> TASK TO CARRY OUT:
The expected output is the exact lines from the one containing "Texas Chainsaw Massacre: The" through the end of the data, inclusive, and nothing else.

[Excerpts from a dataset]

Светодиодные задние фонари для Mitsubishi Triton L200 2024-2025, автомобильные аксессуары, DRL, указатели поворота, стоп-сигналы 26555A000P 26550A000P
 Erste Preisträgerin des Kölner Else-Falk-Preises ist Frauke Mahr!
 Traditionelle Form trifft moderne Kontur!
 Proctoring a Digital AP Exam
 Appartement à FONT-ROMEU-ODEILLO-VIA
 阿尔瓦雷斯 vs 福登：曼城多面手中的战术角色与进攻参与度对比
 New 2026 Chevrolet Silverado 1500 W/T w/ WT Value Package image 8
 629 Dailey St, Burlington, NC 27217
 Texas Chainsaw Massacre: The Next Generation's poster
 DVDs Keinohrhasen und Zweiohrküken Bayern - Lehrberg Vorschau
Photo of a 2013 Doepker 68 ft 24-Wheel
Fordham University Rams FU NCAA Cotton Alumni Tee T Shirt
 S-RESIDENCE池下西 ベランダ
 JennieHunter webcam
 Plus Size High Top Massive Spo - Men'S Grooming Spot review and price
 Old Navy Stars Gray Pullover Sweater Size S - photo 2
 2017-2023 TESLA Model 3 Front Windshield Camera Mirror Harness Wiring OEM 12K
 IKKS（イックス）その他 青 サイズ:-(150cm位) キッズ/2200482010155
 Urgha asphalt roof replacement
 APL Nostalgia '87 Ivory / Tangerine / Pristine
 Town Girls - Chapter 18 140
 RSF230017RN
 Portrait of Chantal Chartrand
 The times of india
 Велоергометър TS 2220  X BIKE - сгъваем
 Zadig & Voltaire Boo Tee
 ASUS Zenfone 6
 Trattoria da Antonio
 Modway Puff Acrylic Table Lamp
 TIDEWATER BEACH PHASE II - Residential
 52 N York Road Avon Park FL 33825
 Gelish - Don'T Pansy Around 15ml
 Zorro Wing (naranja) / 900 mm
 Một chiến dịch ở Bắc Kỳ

> SOLVED PROBLEM:
 Texas Chainsaw Massacre: The Next Generation's poster
 DVDs Keinohrhasen und Zweiohrküken Bayern - Lehrberg Vorschau
Photo of a 2013 Doepker 68 ft 24-Wheel
Fordham University Rams FU NCAA Cotton Alumni Tee T Shirt
 S-RESIDENCE池下西 ベランダ
 JennieHunter webcam
 Plus Size High Top Massive Spo - Men'S Grooming Spot review and price
 Old Navy Stars Gray Pullover Sweater Size S - photo 2
 2017-2023 TESLA Model 3 Front Windshield Camera Mirror Harness Wiring OEM 12K
 IKKS（イックス）その他 青 サイズ:-(150cm位) キッズ/2200482010155
 Urgha asphalt roof replacement
 APL Nostalgia '87 Ivory / Tangerine / Pristine
 Town Girls - Chapter 18 140
 RSF230017RN
 Portrait of Chantal Chartrand
 The times of india
 Велоергометър TS 2220  X BIKE - сгъваем
 Zadig & Voltaire Boo Tee
 ASUS Zenfone 6
 Trattoria da Antonio
 Modway Puff Acrylic Table Lamp
 TIDEWATER BEACH PHASE II - Residential
 52 N York Road Avon Park FL 33825
 Gelish - Don'T Pansy Around 15ml
 Zorro Wing (naranja) / 900 mm
 Một chiến dịch ở Bắc Kỳ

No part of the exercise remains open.